[Start of section]
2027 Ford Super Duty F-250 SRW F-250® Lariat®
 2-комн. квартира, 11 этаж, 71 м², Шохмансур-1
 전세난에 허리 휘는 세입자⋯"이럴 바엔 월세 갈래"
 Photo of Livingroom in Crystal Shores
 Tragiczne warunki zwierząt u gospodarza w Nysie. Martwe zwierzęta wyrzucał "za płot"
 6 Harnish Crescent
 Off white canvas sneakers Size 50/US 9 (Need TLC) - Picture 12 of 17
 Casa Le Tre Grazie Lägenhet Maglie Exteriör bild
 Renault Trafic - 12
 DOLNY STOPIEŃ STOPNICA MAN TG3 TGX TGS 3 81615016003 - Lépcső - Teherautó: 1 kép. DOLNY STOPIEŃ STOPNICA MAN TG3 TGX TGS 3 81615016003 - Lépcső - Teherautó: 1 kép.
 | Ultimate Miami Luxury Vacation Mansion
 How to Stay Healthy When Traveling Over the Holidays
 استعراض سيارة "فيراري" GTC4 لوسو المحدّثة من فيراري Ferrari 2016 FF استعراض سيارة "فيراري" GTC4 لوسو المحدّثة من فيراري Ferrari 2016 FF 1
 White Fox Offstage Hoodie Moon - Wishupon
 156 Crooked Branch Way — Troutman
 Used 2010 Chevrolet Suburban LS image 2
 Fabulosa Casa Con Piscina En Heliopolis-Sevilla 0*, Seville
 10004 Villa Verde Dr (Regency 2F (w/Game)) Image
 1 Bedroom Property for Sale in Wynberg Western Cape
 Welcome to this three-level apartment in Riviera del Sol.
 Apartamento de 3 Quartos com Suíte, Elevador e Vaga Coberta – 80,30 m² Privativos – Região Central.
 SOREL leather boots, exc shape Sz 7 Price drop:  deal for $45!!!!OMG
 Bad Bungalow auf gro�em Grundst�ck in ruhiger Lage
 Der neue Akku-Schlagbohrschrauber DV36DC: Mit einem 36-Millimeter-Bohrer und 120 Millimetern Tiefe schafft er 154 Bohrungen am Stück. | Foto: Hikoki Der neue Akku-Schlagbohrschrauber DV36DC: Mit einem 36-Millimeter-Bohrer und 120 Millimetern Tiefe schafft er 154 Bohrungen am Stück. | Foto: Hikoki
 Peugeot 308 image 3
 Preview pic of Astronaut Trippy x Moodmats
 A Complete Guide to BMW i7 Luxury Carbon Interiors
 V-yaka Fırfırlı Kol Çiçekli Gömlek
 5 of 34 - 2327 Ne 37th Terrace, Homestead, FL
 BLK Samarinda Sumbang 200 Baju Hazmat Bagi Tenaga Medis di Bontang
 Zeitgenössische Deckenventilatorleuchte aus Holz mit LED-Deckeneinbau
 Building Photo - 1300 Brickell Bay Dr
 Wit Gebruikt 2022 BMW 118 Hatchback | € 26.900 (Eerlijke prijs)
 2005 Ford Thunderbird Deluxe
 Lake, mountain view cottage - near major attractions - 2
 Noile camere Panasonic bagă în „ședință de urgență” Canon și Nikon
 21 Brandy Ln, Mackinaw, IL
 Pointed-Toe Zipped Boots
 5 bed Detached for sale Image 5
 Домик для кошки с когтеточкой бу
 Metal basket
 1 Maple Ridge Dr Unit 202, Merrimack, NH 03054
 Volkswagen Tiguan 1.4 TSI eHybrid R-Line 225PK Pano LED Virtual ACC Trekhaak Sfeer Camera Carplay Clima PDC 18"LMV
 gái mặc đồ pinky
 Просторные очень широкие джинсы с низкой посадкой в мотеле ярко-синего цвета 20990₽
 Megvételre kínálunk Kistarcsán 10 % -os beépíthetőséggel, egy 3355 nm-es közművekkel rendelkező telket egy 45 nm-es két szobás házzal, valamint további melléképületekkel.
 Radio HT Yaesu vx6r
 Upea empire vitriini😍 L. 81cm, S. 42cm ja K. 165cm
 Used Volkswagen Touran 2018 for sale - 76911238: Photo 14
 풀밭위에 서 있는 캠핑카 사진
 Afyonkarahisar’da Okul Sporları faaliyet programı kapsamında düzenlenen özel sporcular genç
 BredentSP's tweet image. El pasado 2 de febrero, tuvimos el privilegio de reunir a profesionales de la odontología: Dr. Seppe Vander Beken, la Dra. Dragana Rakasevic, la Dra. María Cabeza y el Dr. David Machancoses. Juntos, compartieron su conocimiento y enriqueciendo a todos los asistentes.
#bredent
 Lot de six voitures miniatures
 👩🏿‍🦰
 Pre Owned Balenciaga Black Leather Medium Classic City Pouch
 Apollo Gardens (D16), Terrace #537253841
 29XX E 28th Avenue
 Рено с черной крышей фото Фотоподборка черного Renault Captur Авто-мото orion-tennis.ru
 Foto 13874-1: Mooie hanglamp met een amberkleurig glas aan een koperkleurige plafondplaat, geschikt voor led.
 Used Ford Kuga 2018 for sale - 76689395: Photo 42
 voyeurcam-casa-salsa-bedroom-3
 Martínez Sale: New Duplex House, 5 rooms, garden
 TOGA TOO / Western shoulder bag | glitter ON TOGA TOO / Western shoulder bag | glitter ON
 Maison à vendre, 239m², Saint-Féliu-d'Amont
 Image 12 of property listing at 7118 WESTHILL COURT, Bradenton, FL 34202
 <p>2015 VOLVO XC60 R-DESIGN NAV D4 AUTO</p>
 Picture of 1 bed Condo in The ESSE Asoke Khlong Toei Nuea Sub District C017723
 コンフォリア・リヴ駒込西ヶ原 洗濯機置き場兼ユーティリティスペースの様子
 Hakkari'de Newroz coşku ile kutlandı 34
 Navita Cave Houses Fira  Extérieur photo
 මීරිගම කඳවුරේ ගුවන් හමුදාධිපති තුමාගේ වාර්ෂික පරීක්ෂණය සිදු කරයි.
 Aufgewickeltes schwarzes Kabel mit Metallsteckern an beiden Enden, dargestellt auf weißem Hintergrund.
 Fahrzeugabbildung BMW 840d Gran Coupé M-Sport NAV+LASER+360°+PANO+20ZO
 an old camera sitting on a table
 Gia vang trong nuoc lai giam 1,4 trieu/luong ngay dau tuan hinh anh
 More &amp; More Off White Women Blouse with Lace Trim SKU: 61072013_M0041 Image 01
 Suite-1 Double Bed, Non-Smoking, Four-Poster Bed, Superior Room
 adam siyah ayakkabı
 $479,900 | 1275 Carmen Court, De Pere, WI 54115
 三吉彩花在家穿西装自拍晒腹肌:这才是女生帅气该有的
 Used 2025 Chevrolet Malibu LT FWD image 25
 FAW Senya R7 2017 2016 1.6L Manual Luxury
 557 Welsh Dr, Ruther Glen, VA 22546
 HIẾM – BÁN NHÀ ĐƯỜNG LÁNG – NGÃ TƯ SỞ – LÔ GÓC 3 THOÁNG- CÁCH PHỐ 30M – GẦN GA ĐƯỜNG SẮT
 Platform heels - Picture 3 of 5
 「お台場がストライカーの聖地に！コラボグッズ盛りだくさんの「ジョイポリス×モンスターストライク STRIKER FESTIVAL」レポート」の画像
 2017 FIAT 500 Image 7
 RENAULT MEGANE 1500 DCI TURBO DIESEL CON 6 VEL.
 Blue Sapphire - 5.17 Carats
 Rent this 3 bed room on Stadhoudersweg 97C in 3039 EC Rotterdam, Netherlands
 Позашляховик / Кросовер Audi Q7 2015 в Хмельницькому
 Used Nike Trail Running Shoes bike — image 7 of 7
[End of section]
**THE PROBLEM:** Taking the records from the top, repeat each line exactly until you have repeated the line that contains "Bad Bungalow auf".

**WRITTEN SOLUTION:**
2027 Ford Super Duty F-250 SRW F-250® Lariat®
 2-комн. квартира, 11 этаж, 71 м², Шохмансур-1
 전세난에 허리 휘는 세입자⋯"이럴 바엔 월세 갈래"
 Photo of Livingroom in Crystal Shores
 Tragiczne warunki zwierząt u gospodarza w Nysie. Martwe zwierzęta wyrzucał "za płot"
 6 Harnish Crescent
 Off white canvas sneakers Size 50/US 9 (Need TLC) - Picture 12 of 17
 Casa Le Tre Grazie Lägenhet Maglie Exteriör bild
 Renault Trafic - 12
 DOLNY STOPIEŃ STOPNICA MAN TG3 TGX TGS 3 81615016003 - Lépcső - Teherautó: 1 kép. DOLNY STOPIEŃ STOPNICA MAN TG3 TGX TGS 3 81615016003 - Lépcső - Teherautó: 1 kép.
 | Ultimate Miami Luxury Vacation Mansion
 How to Stay Healthy When Traveling Over the Holidays
 استعراض سيارة "فيراري" GTC4 لوسو المحدّثة من فيراري Ferrari 2016 FF استعراض سيارة "فيراري" GTC4 لوسو المحدّثة من فيراري Ferrari 2016 FF 1
 White Fox Offstage Hoodie Moon - Wishupon
 156 Crooked Branch Way — Troutman
 Used 2010 Chevrolet Suburban LS image 2
 Fabulosa Casa Con Piscina En Heliopolis-Sevilla 0*, Seville
 10004 Villa Verde Dr (Regency 2F (w/Game)) Image
 1 Bedroom Property for Sale in Wynberg Western Cape
 Welcome to this three-level apartment in Riviera del Sol.
 Apartamento de 3 Quartos com Suíte, Elevador e Vaga Coberta – 80,30 m² Privativos – Região Central.
 SOREL leather boots, exc shape Sz 7 Price drop:  deal for $45!!!!OMG
 Bad Bungalow auf gro�em Grundst�ck in ruhiger Lage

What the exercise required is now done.